Bond Market Commentary
July 26, 2021
Anyone who has ever put together a household budget is likely familiar with the concept of take-home pay. Essentially, take-home pay is what is left from your paycheck after “non-negotiables” are taken out on the front end, which for most people is taxes and probably the cost of any benefits, such as health insurance. It is the money that hits your bank account. This is an important number to know when putting together a household budget, as it is the money that you actually have to spend. For example, if you make $100,000 per year and your annual income taxes and healthcare coverage total $35,000, your take-home pay for the year is $65,000. If you were to create a spending plan based on your quoted salary of $100,000 instead of your take-home pay of $65,000, things will likely get messy quickly.

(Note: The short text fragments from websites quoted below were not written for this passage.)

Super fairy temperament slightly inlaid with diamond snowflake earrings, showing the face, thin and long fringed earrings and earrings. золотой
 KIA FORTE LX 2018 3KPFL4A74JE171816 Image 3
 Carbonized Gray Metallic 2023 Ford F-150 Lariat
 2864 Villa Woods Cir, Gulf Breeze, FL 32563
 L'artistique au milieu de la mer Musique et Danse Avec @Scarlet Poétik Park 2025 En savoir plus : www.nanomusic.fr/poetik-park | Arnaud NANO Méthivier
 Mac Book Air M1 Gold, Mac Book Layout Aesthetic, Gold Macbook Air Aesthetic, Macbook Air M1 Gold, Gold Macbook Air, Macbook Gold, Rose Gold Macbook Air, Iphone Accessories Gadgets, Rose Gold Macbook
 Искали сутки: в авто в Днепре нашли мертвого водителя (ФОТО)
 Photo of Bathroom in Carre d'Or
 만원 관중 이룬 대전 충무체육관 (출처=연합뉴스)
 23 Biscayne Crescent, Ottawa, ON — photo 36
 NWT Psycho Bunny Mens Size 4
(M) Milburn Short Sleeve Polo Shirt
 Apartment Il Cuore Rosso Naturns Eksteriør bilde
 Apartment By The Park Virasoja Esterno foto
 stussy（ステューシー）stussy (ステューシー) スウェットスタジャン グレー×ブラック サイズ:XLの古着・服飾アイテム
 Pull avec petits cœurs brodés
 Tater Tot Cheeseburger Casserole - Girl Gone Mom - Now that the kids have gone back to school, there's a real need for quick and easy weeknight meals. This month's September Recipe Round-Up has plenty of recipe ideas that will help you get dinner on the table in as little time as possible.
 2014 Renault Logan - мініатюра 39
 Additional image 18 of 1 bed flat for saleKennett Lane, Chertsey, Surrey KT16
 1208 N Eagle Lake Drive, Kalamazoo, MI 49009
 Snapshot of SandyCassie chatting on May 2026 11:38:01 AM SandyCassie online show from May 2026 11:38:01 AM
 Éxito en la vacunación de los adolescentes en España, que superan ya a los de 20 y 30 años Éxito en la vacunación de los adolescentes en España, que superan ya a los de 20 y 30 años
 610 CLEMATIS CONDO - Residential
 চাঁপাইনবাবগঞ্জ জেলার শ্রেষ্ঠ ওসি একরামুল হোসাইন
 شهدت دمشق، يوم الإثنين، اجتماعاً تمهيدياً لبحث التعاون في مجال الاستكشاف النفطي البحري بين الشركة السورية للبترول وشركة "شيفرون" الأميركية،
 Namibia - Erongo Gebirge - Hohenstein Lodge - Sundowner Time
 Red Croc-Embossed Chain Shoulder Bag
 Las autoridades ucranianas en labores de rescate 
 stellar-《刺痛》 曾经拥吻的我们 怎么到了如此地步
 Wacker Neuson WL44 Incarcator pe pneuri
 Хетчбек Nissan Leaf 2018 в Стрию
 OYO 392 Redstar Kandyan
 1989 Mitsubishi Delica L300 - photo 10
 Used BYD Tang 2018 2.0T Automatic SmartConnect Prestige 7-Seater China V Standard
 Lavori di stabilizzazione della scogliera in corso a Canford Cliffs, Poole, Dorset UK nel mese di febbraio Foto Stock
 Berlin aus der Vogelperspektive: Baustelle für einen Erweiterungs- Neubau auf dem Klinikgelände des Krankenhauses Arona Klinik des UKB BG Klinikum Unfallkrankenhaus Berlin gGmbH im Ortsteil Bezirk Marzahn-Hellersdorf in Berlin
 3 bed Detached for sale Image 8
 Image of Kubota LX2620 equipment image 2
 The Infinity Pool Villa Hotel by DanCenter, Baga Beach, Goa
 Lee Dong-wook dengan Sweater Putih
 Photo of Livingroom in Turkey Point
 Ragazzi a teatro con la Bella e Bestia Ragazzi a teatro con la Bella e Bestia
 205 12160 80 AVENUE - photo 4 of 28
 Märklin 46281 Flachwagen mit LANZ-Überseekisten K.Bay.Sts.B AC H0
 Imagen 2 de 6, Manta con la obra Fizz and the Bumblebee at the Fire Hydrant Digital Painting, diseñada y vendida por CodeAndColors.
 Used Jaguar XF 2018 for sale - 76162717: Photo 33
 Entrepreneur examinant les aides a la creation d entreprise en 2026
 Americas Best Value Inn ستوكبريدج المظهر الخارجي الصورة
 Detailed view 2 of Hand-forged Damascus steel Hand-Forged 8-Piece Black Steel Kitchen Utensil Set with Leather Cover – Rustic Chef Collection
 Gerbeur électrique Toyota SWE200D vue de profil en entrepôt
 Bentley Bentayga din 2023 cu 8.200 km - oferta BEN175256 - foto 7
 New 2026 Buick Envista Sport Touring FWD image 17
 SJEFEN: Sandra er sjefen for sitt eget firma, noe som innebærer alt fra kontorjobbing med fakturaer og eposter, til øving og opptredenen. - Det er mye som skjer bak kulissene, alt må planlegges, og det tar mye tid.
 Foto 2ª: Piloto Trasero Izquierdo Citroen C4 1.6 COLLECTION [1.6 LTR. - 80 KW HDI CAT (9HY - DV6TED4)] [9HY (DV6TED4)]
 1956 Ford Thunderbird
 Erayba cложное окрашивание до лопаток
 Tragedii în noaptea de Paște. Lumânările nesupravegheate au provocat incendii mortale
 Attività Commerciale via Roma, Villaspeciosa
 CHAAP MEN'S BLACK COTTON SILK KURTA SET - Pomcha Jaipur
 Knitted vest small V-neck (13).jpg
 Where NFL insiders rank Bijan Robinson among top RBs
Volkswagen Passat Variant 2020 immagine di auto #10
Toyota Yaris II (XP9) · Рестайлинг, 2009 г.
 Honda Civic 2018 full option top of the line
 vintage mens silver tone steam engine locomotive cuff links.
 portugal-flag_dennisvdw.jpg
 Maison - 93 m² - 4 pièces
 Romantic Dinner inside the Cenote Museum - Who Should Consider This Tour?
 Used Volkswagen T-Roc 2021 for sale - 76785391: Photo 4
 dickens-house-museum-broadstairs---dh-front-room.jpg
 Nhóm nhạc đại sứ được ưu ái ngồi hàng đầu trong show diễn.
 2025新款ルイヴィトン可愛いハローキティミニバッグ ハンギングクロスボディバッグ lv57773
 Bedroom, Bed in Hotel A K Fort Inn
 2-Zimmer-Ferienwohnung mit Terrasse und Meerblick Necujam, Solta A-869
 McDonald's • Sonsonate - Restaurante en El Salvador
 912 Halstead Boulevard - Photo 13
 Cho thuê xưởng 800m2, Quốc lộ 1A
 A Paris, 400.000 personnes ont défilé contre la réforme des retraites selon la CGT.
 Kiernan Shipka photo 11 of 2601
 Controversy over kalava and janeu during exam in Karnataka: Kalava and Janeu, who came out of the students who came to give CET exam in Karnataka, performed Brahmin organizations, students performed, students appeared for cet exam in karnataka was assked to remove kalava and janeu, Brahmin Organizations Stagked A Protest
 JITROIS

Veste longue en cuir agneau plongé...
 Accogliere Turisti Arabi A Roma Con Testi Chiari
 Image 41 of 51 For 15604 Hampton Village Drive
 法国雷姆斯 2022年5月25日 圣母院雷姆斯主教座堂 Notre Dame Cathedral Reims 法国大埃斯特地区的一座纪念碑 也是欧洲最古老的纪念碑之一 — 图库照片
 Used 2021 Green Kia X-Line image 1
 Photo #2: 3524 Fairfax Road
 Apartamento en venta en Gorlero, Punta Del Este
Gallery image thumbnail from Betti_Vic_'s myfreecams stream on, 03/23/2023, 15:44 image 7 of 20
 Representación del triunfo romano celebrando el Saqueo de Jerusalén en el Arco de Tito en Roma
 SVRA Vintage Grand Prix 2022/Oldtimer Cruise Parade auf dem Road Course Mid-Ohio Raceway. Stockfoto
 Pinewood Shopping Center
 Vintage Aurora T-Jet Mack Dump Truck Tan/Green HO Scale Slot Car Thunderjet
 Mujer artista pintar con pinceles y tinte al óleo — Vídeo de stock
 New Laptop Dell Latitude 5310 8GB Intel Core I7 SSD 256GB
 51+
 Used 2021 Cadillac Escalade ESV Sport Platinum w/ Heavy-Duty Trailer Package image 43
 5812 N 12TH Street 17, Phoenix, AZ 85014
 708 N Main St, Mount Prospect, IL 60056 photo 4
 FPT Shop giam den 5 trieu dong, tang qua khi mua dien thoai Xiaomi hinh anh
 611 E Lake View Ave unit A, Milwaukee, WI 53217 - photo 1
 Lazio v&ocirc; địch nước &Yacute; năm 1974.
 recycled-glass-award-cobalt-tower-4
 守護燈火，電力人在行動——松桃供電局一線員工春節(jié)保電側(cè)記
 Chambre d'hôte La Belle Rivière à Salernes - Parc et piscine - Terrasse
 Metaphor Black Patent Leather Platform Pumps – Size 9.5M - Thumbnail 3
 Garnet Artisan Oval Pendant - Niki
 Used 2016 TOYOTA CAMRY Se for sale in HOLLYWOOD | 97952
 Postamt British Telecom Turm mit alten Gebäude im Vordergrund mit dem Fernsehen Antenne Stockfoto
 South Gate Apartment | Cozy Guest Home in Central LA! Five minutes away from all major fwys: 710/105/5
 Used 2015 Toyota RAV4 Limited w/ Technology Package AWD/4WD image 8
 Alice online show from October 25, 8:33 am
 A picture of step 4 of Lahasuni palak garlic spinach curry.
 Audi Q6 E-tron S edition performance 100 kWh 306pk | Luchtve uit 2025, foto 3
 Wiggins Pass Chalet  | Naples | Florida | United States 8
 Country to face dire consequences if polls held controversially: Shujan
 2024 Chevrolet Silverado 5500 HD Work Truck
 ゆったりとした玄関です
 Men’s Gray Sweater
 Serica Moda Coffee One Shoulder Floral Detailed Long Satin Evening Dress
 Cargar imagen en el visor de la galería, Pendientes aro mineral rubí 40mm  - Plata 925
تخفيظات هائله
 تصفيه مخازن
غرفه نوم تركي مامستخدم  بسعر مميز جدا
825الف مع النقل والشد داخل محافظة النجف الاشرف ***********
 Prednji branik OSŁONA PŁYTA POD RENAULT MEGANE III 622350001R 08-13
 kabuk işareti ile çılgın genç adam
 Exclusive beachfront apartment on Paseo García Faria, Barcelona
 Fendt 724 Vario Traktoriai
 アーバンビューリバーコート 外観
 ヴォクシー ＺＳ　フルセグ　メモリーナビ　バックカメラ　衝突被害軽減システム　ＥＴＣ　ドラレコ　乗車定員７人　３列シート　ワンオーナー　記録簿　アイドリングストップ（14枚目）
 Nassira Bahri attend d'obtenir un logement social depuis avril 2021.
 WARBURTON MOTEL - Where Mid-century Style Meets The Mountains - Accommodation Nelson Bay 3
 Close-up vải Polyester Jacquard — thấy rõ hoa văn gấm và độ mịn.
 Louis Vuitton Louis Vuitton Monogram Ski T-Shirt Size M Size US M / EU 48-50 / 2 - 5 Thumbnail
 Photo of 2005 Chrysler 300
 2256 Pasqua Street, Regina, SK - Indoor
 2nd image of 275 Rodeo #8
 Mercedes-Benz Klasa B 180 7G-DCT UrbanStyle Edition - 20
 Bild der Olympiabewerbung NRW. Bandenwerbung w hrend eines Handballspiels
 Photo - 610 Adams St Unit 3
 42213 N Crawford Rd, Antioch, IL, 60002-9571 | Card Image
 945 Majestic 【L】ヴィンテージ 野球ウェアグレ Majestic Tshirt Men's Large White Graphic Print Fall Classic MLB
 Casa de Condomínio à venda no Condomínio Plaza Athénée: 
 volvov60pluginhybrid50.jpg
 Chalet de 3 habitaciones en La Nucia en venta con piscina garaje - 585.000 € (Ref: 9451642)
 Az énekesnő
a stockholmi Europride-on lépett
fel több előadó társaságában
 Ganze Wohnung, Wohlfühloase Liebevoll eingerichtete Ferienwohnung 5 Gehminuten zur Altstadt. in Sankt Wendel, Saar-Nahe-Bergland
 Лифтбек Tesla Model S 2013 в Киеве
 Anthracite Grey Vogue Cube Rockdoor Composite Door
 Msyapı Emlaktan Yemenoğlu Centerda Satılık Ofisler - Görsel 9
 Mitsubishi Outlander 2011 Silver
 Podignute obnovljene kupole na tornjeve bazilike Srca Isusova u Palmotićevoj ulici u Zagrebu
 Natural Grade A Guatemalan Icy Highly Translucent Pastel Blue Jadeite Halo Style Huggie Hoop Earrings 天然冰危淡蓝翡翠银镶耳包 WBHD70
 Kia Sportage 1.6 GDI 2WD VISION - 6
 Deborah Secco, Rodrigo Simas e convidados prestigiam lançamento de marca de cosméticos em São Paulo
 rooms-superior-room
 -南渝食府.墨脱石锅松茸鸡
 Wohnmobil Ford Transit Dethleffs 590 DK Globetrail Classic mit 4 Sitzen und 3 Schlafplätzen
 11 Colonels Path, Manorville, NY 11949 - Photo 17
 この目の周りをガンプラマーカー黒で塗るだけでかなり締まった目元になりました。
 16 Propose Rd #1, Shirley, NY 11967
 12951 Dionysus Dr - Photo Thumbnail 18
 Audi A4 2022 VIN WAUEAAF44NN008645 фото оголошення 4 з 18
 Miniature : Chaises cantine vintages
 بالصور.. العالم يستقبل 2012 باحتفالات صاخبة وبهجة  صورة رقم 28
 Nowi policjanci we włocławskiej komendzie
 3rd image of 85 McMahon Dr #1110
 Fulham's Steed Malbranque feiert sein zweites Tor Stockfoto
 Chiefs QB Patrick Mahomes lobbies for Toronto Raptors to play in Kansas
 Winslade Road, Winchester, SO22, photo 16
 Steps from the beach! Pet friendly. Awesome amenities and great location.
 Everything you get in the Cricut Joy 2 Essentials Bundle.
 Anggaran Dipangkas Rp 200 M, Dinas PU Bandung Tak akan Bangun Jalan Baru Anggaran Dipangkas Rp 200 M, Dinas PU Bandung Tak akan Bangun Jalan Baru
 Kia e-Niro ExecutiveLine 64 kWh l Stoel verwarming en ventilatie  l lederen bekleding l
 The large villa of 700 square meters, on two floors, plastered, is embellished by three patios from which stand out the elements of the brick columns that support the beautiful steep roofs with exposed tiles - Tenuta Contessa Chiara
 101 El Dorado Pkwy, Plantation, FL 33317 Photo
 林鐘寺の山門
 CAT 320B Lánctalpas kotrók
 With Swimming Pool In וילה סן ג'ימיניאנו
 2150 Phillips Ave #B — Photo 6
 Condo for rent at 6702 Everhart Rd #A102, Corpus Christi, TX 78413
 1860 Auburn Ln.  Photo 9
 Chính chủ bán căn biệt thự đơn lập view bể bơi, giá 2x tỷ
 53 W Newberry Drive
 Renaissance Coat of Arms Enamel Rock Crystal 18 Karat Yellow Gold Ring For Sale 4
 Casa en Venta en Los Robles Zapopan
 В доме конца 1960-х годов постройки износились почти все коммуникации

This same idea applies to investing in fixed income and is equally as important to have a grasp of. When you purchase a bond, your annual income and cash flow is known, just like your salary. And just like your salary, the quoted yield and cash flow number can differ from your take-home income depending on the product type and your personal tax situation. At the end of the day, the number that should be factored into your product selection and investment decisions is take-home income, just like take-home pay, this is going to tell you what you will be left with at the end of the day, after non-negotiables (taxes) are accounted for. Optimizing the yields currently being offered by various product types with your personal tax situation allow for a fully informed investment decision.
Tax-exempt municipal bonds typically offer a lower yield than comparable corporate bonds. This is because high-tax bracket investors are willing to accept a lower nominal yield in return for owning a product that does not require them to pay income taxes on the income that it produces. Oftentimes, the “take-home income” that is received is higher in a lower yielding, tax-exempt investment than it would be on a higher yielding, taxable investment. An investor in the 37% federal tax bracket will only take home 63% of the yield offered by the taxable investment, whereas they can take-home 100% of the income produced by the tax-exempt investment. As investors shift into lower tax brackets, the advantage in take-home income tends to shift over to taxable products. If the investor is in the 22% tax bracket, they still receive 100% of the tax-exempt income, but for the taxable product, they take-home 78% of the income. As markets are generally fairly efficient, the difference between comparable tax-exempt yields and taxable yields will usually differ just enough to make the tax-exempt investment advantageous for those in top tax brackets.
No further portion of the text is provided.